The differences go back to the interpretation of the Long Scroll of the Treatise on the Two Entrances and Four Practices, a text attributed to Bodhidharma. In this text, the "entrance by principle" (li-ju) is characterized in two ways:

Entrance by principle is said to "awaken one to the truth [wu-tsung] in accordance with [scriptural] teaching [chi-chiao]." Later, after realizing true nature [chen-hsing], one is said to "reside fixedly, without wavering, never again to be swayed by written teachings [wen-chiao]."

The first statement can be seen as a support of the harmony between the teachings and Chan. The second statement can be seen as a support of a "special transmission outside the teachings".

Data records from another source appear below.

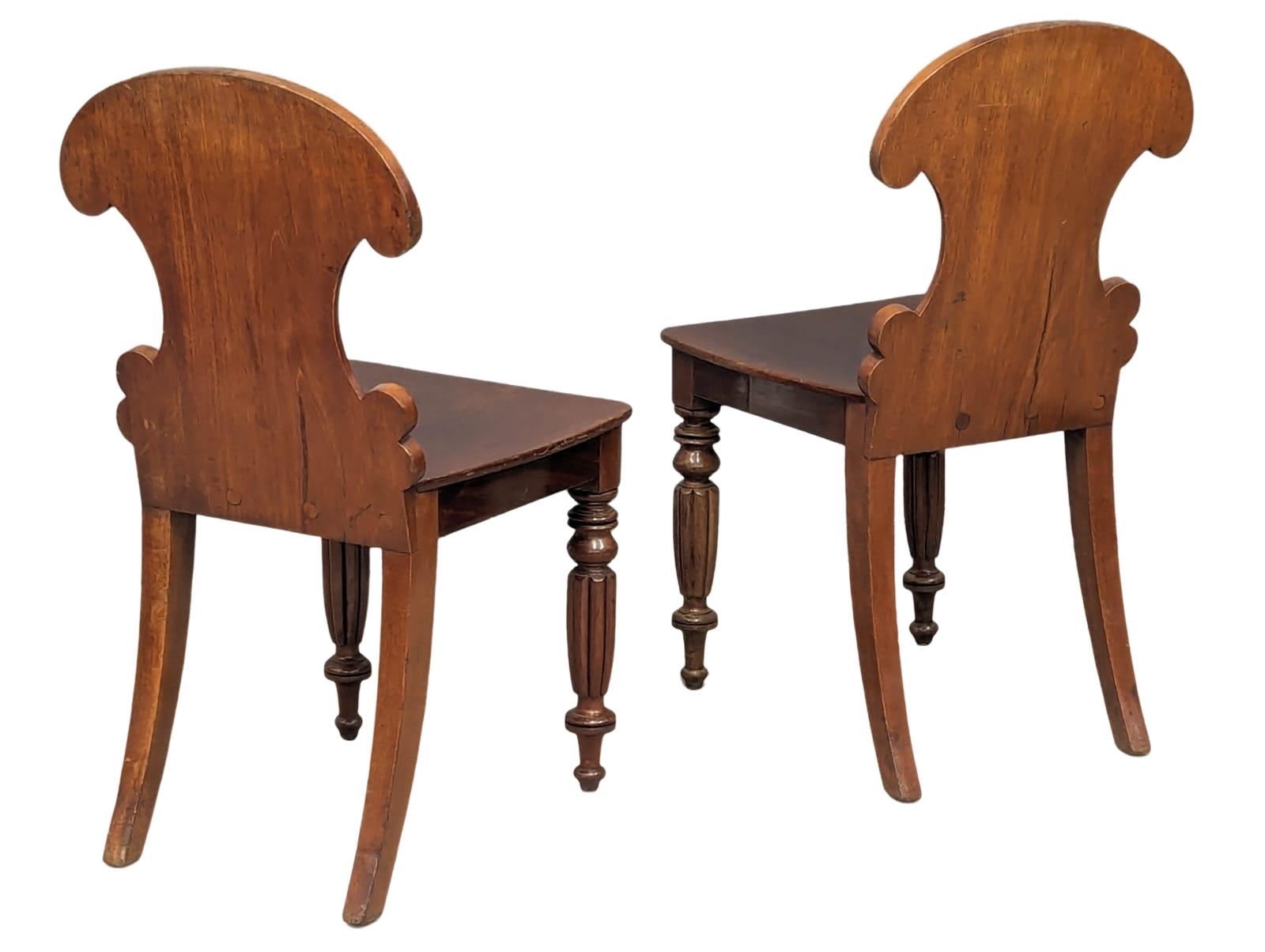A pair of late George IV-Early William IV ornate mahogany hall chairs - Image 6 of 6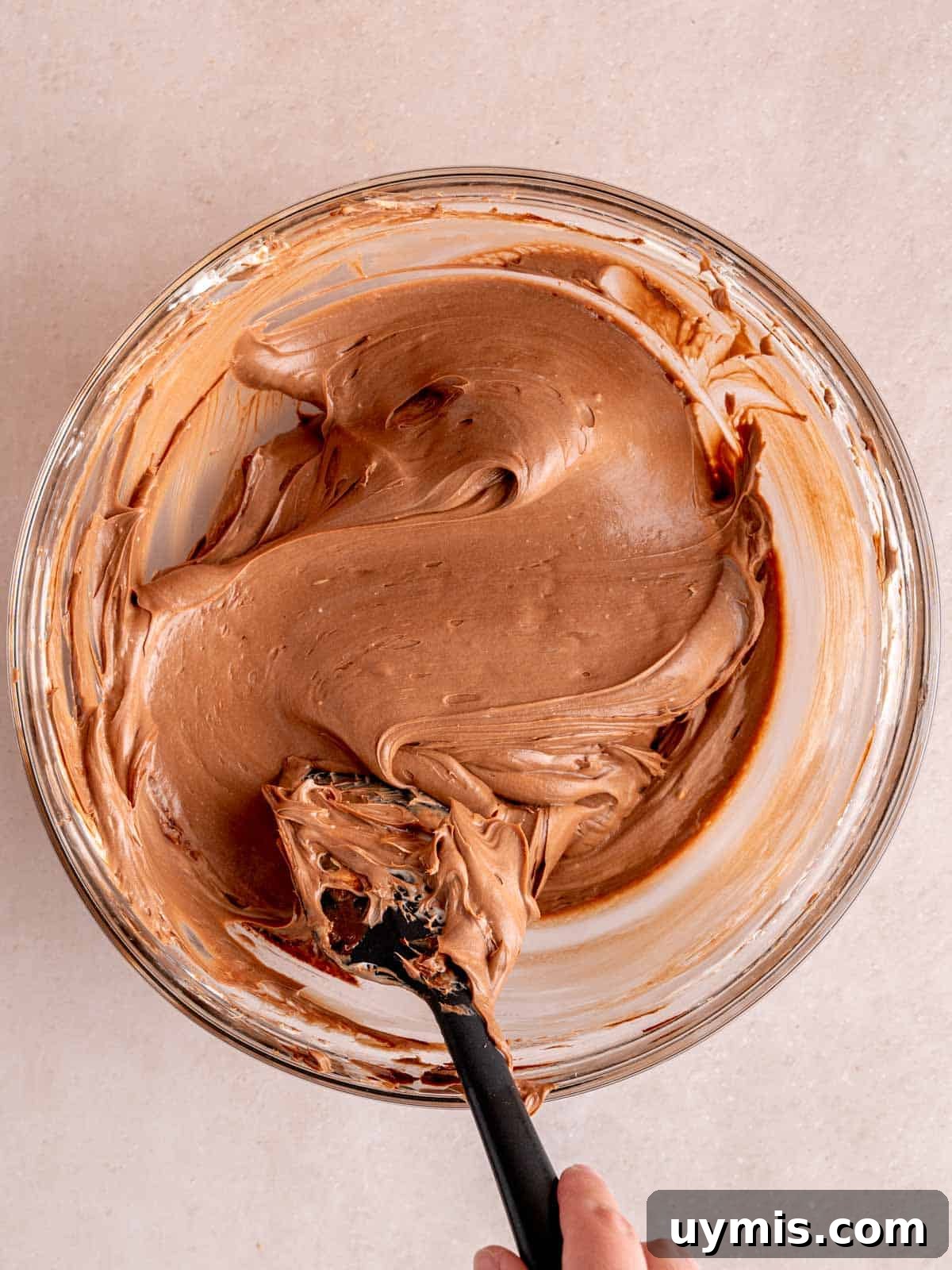 Creamy No-Bake Chocolate Cherry Cheesecake Recipe 11 Folding chocolate ganache into no bake cheesecake filling with a spatula.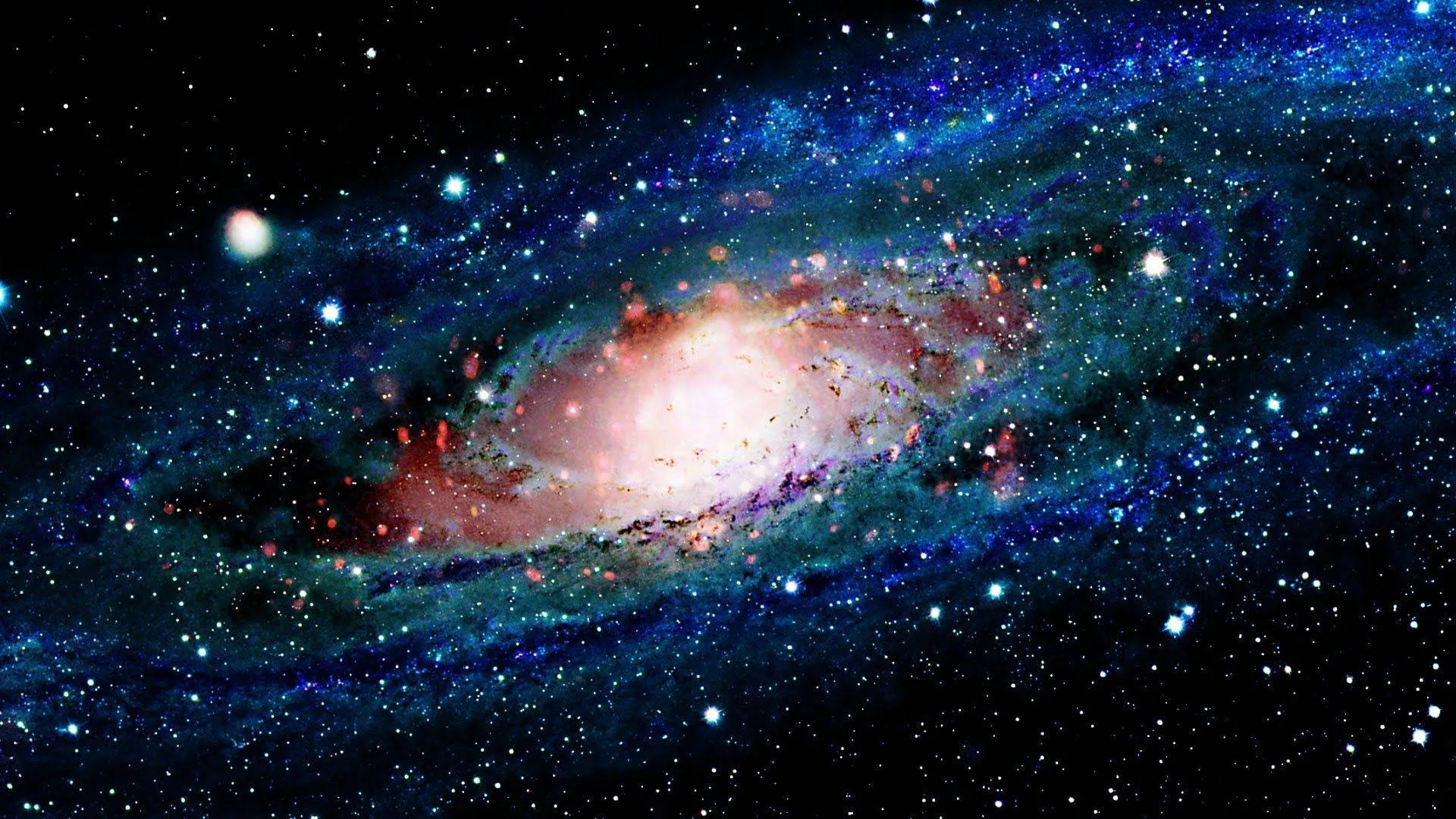 Spiral arms in teal and green wheel around a blazing white-pink core, bright stars spiking blue at the corners of the frame.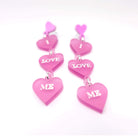 I Love Me heart drop earrings in pale pink frost with glow-in-the-dark etched words, shown on a white background.Self love is the best love!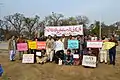 Group of people holding signs and banners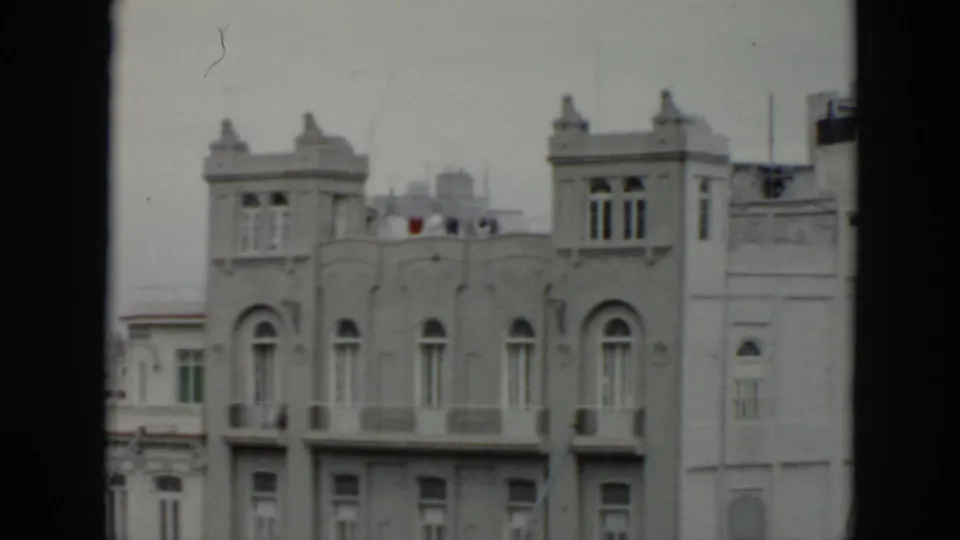 1956 Cuba home-movie frame shows a pale ornate building facade with arched windows, balconies and distant rooftop forms.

====Recorded Sayings and Encounter Dialogue====
From the "question-and-answer format that had been developed as a means of conveying Buddhist teachings" developed the "yü-lü" genre, the recorded sayings of the masters, and the encounter dialogues. The best-known example is the "Lin-ji yü-lü". These recorded sayings are not verbatim recordings of the sayings of the masters, but well-edited texts, written down up to 160 years after the supposed sayings and meetings.

====Linji yulu====

The Linji yulu ("Zhenzhou Linji Huizhao Chansi yulu") is the seminal text of the Linji and Rinzai school. It contains the recorded sayings attributed to Linji Yixuan (d. 866). It was published in 1120, but developed in a period stretching from 952 to 1120. The first mention of Linji is in the Zutang ji (祖堂集 "Anthology of the Patriarchal Hall), compiled in 952, 86 years after Linji's death. The Jingde Chuangdeng lu (景德傳燈錄 "Jingde Records of the Transmission of the Lamp"), compiled in 1004 by Daoyuan, gives brief biographical information on Lijni, followed by Linji's interactions with Hunagbo, to strengthen the claim of Linji's descendancy form Hunagbo and the Mazu-lineage. The Tiansheng Guangdeng lu (天聖廣燈錄), "Tiansheng Era Expanded Lamp Record", compiled by the official Li Zunxu (李遵勗)(988–1038) confirms the status of Shoushan Shengnian, but also pictures Linji as a major Chan patriarch and heir to the Hongzhou school of Mazu Daoyi, displacing the prominence of the Fayan-lineage. It also established the slogan of "a special transmission outside the teaching", supporting the Linji-school claim of "Chan as separate from and superior to all other Buddhist teachings". The Sijia yulu, ("Discourse Records of the Four Masters"), compiled 1066–1069 by Huanglong Huinan (1002–1069), contains the discourse records of Mazu Daoyi (709–788), Baizhang Huaihai (720–814), Huangbo Xiyun (died 850) and Linji, the major patriarchs of the Tang dynasty according to the Linji faction. In this text, Linji is explicitly placed in line with these teachers of the Hongzhou school. The Zhenzhou Linji Huizhao Chansi yulu ("The record of Linji"), compiled by Yuanjue Zongan in 1120, is the classic version of the record of Linji. Yuanjue Zongan belonged to the Yunmen-faction, and also re-issued the Yunmen yulu, the "Discourse Records of Yunmen". The separate publication of Linji's records signals the newly acquired status of Linji as one of Chan's major patriarchs.

====Koan-collections====

The "encounter dialogue"-genre developed into various collections of kōans, which form itself another extensive literary corpus.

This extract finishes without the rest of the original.